* Exercise data:
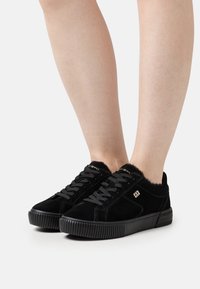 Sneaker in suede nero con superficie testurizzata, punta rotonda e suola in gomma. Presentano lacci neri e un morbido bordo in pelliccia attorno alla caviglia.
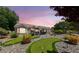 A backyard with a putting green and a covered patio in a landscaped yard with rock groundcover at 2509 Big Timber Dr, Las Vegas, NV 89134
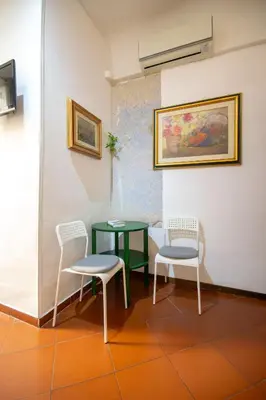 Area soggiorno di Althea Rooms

...

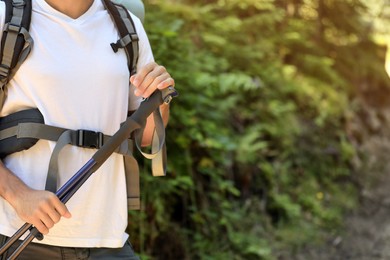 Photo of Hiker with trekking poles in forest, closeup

* How to complete this task: From the records above, transcribe exactly the lines starting at the one containing "A backyard with" and ending at the one containing "Area soggiorno di Althea Rooms". Skip the pictures.

* Written answer:
 A backyard with a putting green and a covered patio in a landscaped yard with rock groundcover at 2509 Big Timber Dr, Las Vegas, NV 89134
 Area soggiorno di Althea Rooms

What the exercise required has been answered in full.